A thrombotic stroke occurs when a blood clot, or thrombus, forms in an artery supplying blood to the brain. The blood clot blocks the flow of oxygen-rich blood to a portion of the brain. A thrombotic stroke may be preceded by a series of one or more transient ischemic attacks, also known as “mini-strokes” or TIAs.


Ischemic strokes are most often caused by arteries becoming narrowed, a condition known as atherosclerosis. Other causes include the use of recreational drugs, trauma to blood vessels in the neck, and blood clotting disorders.


When a person shows symptoms of a stroke or has a TIA (transient ischemic attack), the doctor will examine the patient in order to make a diagnosis. After obtaining a medical history, the following diagnostic tests may be performed:

  • Neurological examination
  • Complete blood count
  • CT scan
  • MRI scan


A person who is having a stroke may not notice that they are experiencing symptoms. If you think you are having stroke symptoms, or if you believe someone else is, a simple test is to think “FAST” and do the following:

  • Face: Ask the person to smile. Does one side of their face droop?
  • Arms: Ask the person to raise both arms. Does one of the arms drift downward or are they unable to raise either one of their arms?
  • Speech: Ask the person to repeat a simple phrase. Is their speech slurred?
  • Time: Seek immediate medical attention if you observe any of these signs.

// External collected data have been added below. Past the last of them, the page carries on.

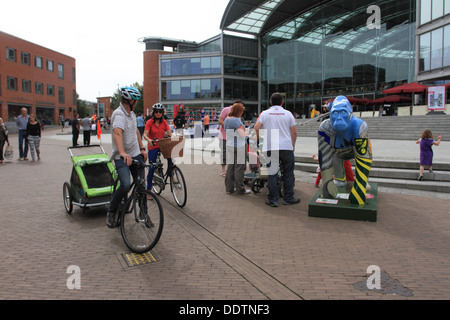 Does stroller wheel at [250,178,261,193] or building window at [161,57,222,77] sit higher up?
building window at [161,57,222,77]

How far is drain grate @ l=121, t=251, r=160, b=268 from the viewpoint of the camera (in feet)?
12.7

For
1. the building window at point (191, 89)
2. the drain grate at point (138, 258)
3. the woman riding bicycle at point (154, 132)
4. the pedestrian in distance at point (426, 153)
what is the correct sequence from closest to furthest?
1. the drain grate at point (138, 258)
2. the woman riding bicycle at point (154, 132)
3. the pedestrian in distance at point (426, 153)
4. the building window at point (191, 89)

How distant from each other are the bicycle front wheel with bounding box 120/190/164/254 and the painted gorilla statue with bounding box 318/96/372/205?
2919mm

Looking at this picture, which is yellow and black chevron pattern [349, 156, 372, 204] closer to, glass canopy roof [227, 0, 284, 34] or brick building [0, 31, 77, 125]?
glass canopy roof [227, 0, 284, 34]

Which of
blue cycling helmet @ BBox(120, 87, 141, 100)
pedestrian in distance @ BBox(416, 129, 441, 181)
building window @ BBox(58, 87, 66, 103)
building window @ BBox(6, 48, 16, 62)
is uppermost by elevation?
building window @ BBox(6, 48, 16, 62)

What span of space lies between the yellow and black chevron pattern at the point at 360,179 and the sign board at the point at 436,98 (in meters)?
21.7

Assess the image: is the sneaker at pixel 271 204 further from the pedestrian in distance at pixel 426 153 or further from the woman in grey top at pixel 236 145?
the pedestrian in distance at pixel 426 153

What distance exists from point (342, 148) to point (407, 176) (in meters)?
3.47

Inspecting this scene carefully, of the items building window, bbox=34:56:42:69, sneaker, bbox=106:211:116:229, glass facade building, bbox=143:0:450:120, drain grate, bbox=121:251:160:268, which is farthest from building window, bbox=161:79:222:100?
drain grate, bbox=121:251:160:268

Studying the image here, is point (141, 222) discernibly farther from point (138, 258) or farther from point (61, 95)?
point (61, 95)

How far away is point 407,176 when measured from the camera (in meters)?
8.10

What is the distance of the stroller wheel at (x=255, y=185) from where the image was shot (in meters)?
7.27

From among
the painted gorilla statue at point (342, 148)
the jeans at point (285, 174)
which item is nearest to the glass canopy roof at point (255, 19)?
the jeans at point (285, 174) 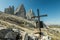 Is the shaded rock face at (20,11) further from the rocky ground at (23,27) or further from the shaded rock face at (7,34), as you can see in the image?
the shaded rock face at (7,34)

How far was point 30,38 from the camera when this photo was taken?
579 inches

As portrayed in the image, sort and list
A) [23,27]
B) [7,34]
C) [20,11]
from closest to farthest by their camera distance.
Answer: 1. [7,34]
2. [23,27]
3. [20,11]

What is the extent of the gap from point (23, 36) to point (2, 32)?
2139 mm

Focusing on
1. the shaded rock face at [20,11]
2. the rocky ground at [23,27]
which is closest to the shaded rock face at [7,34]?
the rocky ground at [23,27]

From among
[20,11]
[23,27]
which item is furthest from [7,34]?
[20,11]

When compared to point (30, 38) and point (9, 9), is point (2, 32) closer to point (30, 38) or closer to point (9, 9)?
point (30, 38)

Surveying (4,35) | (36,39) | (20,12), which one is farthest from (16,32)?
(20,12)

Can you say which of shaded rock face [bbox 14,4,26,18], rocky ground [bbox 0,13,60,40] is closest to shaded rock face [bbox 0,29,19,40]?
rocky ground [bbox 0,13,60,40]

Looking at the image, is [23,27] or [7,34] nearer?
[7,34]

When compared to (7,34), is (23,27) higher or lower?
higher

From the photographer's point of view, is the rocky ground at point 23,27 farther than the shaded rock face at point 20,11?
No

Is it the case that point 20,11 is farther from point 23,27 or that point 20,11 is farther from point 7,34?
point 7,34

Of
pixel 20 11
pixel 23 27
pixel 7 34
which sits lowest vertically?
pixel 7 34

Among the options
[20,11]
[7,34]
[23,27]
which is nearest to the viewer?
[7,34] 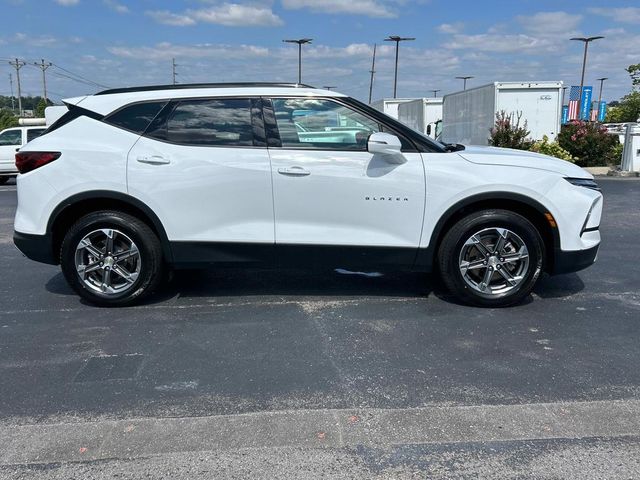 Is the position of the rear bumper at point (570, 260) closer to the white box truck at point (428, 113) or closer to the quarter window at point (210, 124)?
the quarter window at point (210, 124)

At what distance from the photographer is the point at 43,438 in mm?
3000

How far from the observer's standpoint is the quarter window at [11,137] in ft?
56.5

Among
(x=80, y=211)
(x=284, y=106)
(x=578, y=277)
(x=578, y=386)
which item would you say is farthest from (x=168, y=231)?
(x=578, y=277)

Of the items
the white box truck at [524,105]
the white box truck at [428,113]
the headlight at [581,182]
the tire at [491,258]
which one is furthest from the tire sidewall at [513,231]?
the white box truck at [428,113]

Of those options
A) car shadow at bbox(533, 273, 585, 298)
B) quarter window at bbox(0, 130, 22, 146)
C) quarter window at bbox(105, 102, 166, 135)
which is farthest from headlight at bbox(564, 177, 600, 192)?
quarter window at bbox(0, 130, 22, 146)

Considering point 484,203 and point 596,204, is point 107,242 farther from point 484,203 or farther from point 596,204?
point 596,204

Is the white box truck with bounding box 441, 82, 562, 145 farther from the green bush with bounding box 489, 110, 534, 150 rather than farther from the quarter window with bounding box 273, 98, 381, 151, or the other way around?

Other symptoms of an ischemic stroke include:

  • Trouble understanding or speaking
  • Numbness of the arm, face, or leg
  • Blurred or blackened vision in one or both eyes
  • Double vision
  • Sudden, severe headache
  • Vomiting
  • Dizziness
  • Difficulty walking
  • Loss of balance or coordination


Immediate treatment is required to limit the level of brain damage that results from the blockage in blood flow. Treatment with tissue plasminogen activator, or tPA, has been effective for patients with an ischemic stroke as long as the patient has received it intravenously within three hours of the onset of symptoms.

Reducing Risk Factors

While certain risk factors as age, gender, heredity, and ethnicity are uncontrollable, a patient can reduce their risk of stroke by beginning treatment that controls their risk factors and adjusts their lifestyle choices.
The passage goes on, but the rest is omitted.